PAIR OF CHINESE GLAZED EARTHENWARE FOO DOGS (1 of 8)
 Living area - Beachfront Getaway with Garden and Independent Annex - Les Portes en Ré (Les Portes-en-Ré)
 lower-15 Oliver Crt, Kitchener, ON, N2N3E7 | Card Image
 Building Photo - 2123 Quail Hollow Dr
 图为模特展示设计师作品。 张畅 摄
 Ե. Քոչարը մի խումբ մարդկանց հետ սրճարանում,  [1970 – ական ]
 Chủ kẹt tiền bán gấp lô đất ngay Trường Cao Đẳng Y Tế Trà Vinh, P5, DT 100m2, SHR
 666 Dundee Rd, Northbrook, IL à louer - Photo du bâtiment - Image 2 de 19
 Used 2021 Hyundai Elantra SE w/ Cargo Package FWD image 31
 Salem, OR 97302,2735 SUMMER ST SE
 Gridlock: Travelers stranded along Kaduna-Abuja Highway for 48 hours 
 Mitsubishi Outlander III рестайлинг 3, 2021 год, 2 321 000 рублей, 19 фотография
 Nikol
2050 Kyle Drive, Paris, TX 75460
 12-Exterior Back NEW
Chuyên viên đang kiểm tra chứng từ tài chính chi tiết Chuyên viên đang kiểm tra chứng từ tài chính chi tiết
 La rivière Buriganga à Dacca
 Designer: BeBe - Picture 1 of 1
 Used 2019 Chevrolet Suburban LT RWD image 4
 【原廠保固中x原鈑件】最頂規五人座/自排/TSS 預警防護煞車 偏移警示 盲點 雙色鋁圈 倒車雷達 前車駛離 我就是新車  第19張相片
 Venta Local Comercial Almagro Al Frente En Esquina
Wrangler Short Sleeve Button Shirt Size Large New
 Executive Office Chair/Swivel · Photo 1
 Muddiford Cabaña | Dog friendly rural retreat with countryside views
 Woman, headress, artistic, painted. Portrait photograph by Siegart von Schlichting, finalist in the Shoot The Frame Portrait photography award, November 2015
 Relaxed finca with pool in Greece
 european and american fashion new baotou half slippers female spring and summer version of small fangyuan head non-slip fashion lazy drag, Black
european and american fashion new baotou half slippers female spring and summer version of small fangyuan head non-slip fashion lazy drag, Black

* _What to do_: Please return the lines above that run from the line containing "Mitsubishi Outlander III" to the line containing "Woman, headress, artistic, painted.", inclusive, exactly and with no other lines.

* _Response below_:
 Mitsubishi Outlander III рестайлинг 3, 2021 год, 2 321 000 рублей, 19 фотография
 Nikol
2050 Kyle Drive, Paris, TX 75460
 12-Exterior Back NEW
Chuyên viên đang kiểm tra chứng từ tài chính chi tiết Chuyên viên đang kiểm tra chứng từ tài chính chi tiết
 La rivière Buriganga à Dacca
 Designer: BeBe - Picture 1 of 1
 Used 2019 Chevrolet Suburban LT RWD image 4
 【原廠保固中x原鈑件】最頂規五人座/自排/TSS 預警防護煞車 偏移警示 盲點 雙色鋁圈 倒車雷達 前車駛離 我就是新車  第19張相片
 Venta Local Comercial Almagro Al Frente En Esquina
Wrangler Short Sleeve Button Shirt Size Large New
 Executive Office Chair/Swivel · Photo 1
 Muddiford Cabaña | Dog friendly rural retreat with countryside views
 Woman, headress, artistic, painted. Portrait photograph by Siegart von Schlichting, finalist in the Shoot The Frame Portrait photography award, November 2015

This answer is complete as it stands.